Given a Jordan decomposition of a matrix, its matrix exponential can be reduced to the exponential of its Jordan canonical form: $A = T J T^{-1}$ then $e^A = T e^J T^{-1}$. Note that, $\exp\left[t \begin{pmatrix}\lambda & 1 \\ 0 & \lambda \end{pmatrix}\right] = e^{\lambda t} \begin{pmatrix}1 & t \\ 0 & 1 \end{pmatrix}$, and $\exp\left[t \begin{pmatrix}a+ib & 0 \\ 0 & a-ib \end{pmatrix}\right] = e^{a t} \begin{pmatrix}\cos bt & -\sin bt \\ \sin bt & \cos bt \end{pmatrix}$. Computation. The matrix exponential is often computed with the scaling and squaring method [@Higham2005; @Al-Mohy2010]. The computational cost is $\mathcal{O}(n^3)$, with a coefficient (usually on the scale of 50) that depends on approximation order and matrix norm.
Matrix logarithm $\log(A)$ is the inverse map of the matrix exponential.
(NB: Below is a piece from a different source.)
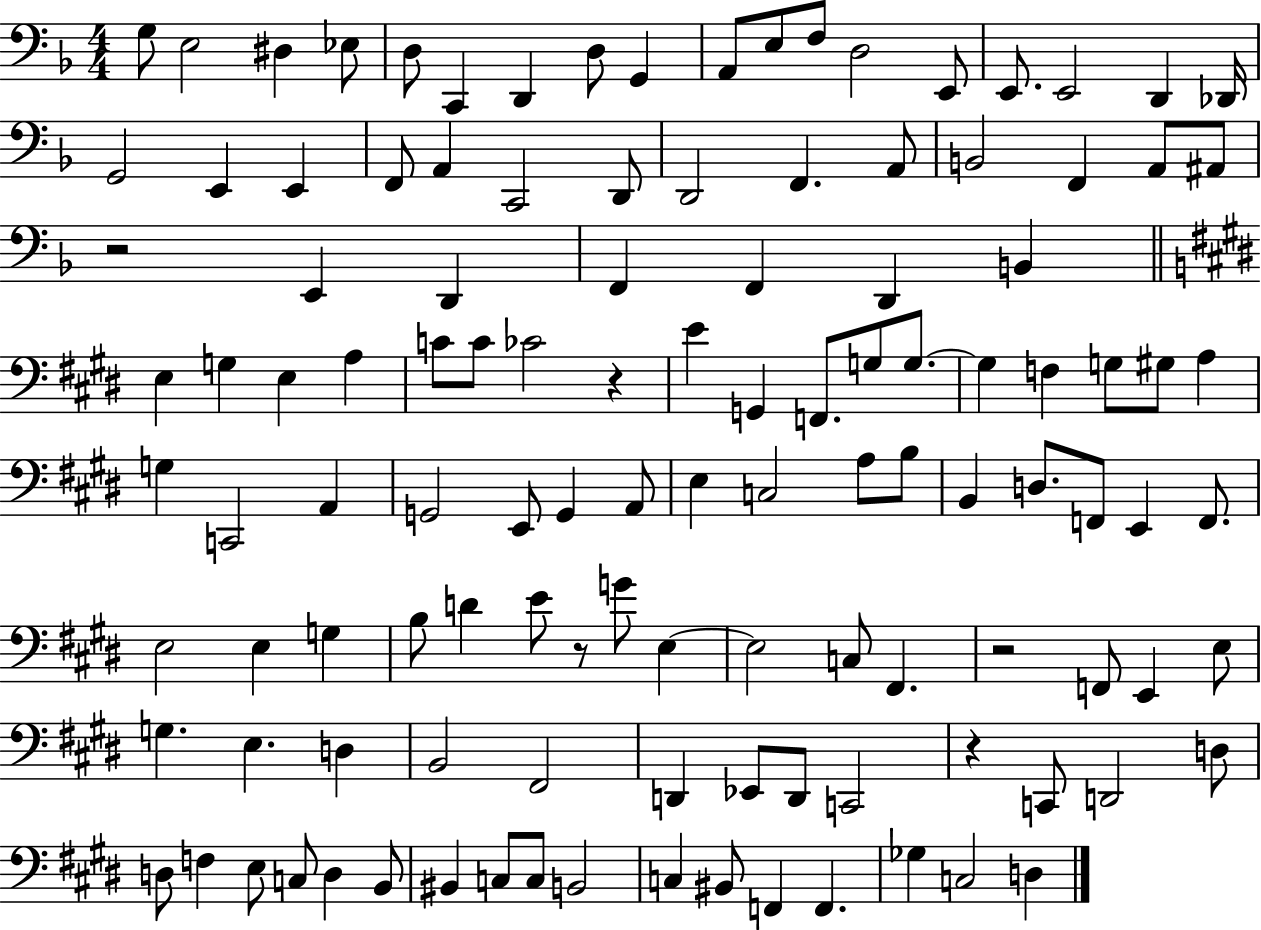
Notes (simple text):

G3/e E3/h D#3/q Eb3/e D3/e C2/q D2/q D3/e G2/q A2/e E3/e F3/e D3/h E2/e E2/e. E2/h D2/q Db2/s G2/h E2/q E2/q F2/e A2/q C2/h D2/e D2/h F2/q. A2/e B2/h F2/q A2/e A#2/e R/h E2/q D2/q F2/q F2/q D2/q B2/q E3/q G3/q E3/q A3/q C4/e C4/e CES4/h R/q E4/q G2/q F2/e. G3/e G3/e. G3/q F3/q G3/e G#3/e A3/q G3/q C2/h A2/q G2/h E2/e G2/q A2/e E3/q C3/h A3/e B3/e B2/q D3/e. F2/e E2/q F2/e. E3/h E3/q G3/q B3/e D4/q E4/e R/e G4/e E3/q E3/h C3/e F#2/q. R/h F2/e E2/q E3/e G3/q. E3/q. D3/q B2/h F#2/h D2/q Eb2/e D2/e C2/h R/q C2/e D2/h D3/e D3/e F3/q E3/e C3/e D3/q B2/e BIS2/q C3/e C3/e B2/h C3/q BIS2/e F2/q F2/q. Gb3/q C3/h D3/q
The matrix logarithm is often computed with the inverse scaling and squaring method, which essentially carries out the scaling and squaring method for the matrix exponential in reverse order [@Al-Mohy2012].
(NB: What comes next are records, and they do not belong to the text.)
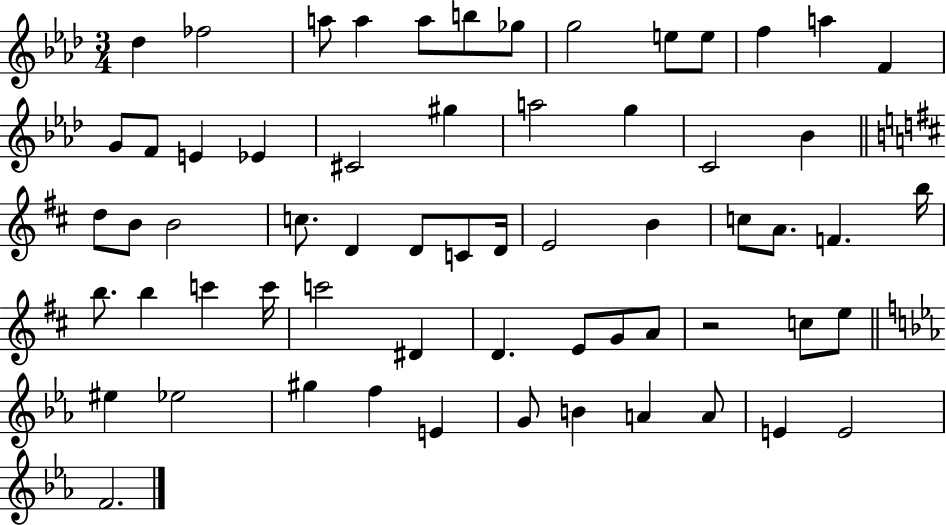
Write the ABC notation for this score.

X:1
T:Untitled
M:3/4
L:1/4
K:Ab
_d _f2 a/2 a a/2 b/2 _g/2 g2 e/2 e/2 f a F G/2 F/2 E _E ^C2 ^g a2 g C2 _B d/2 B/2 B2 c/2 D D/2 C/2 D/4 E2 B c/2 A/2 F b/4 b/2 b c' c'/4 c'2 ^D D E/2 G/2 A/2 z2 c/2 e/2 ^e _e2 ^g f E G/2 B A A/2 E E2 F2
One may consider matrix-valued mappings $f: X \mapsto M_{m,n}(\mathbb{F})$. Matrix pencil or pencil of matrices is a one-parameter family of matrices, $f: \mathbb{F} \mapsto M_{m,n}(\mathbb{F})$. The most common form is a linear family of square matrices: $f(\lambda) = A - \lambda B$, where $A, B \in M_n$; sometimes it is written as (A, B) and called a matrix pair. Consider that $M_{m,n}(\mathbb{R}) \cong \mathbb{R}^{m,n}$, the matrix pencil $A - \lambda B$ is equivalent to a line in the matrix manifold $M_{m,n}$. Quadratic matrix pencil has the form $f(\lambda) = \lambda^2 A + \lambda B + C$. More generally, matrix pencil of degree l is a degree-l polynomial family of matrices: $f(\lambda) = \sum_{i=0}^l \lambda^i A_i$, where $A_l \ne 0$. Matrix pencils have applications in numerical linear algebra, control theory, etc.
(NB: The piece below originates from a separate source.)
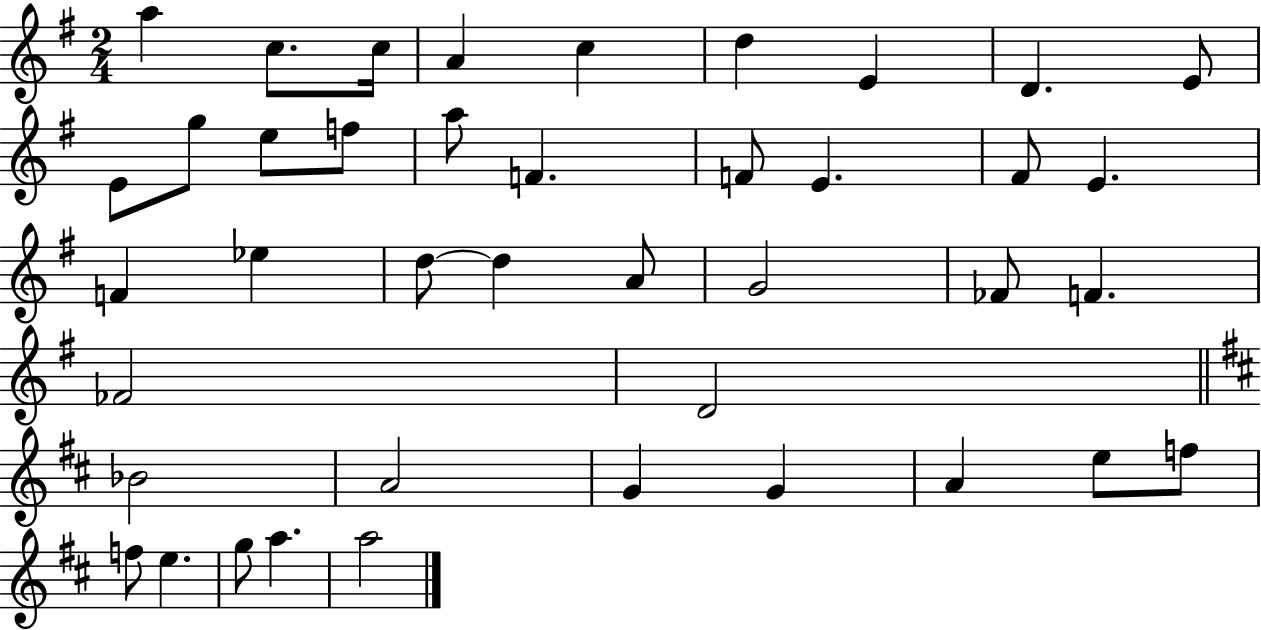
A5/q C5/e. C5/s A4/q C5/q D5/q E4/q D4/q. E4/e E4/e G5/e E5/e F5/e A5/e F4/q. F4/e E4/q. F#4/e E4/q. F4/q Eb5/q D5/e D5/q A4/e G4/h FES4/e F4/q. FES4/h D4/h Bb4/h A4/h G4/q G4/q A4/q E5/e F5/e F5/e E5/q. G5/e A5/q. A5/h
Regular matrix pencil is one whose value is not always singular. Singular matrix pencil is one that is not regular, i.e., whose value is always singular. Eigenvalue of a matrix pencil is a complex number where the value of the matrix pencil is singular: $f(\lambda) \notin \text{GL}_n$. This may be the reason that matrix pencils use $\lambda$ as the variable. Eigenvector associated with an eigenvalue of a matrix pencil is a vector x that satisfies: $f(\lambda) x = 0$.
Generalized eigenvalue problem concerns finding the eigenvalues of a matrix pair (A, B) and the associated eigenvectors x such that $A x = \lambda B x$. Generalized eigenvalue may also be defined as a set of complex pairs (see e.g. [@Stewart1990], [@Saad2011, Ch. 9]). Quadratic eigenvalue problem concerns finding eigenpairs of a quadratic matrix pencil. This arises in structural dynamics, where one is interested in finding $(\lambda^2 M + \lambda C + K) x = 0$. In practice, the damping term C is often simplified and only the generalized eigenvalue problem $(\lambda M + K) x = 0$ is solved.